TASK REQUIREMENTS:
Each line from the one containing "French army soldiers" to the end of the listing below must be retyped exactly, with no line left out and none added.

STORED DATA:
**********
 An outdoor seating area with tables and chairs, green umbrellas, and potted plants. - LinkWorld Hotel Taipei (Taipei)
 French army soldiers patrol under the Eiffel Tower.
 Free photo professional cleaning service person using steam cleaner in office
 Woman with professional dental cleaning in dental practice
**********
REPLY TO THE TASK:
 French army soldiers patrol under the Eiffel Tower.
 Free photo professional cleaning service person using steam cleaner in office
 Woman with professional dental cleaning in dental practice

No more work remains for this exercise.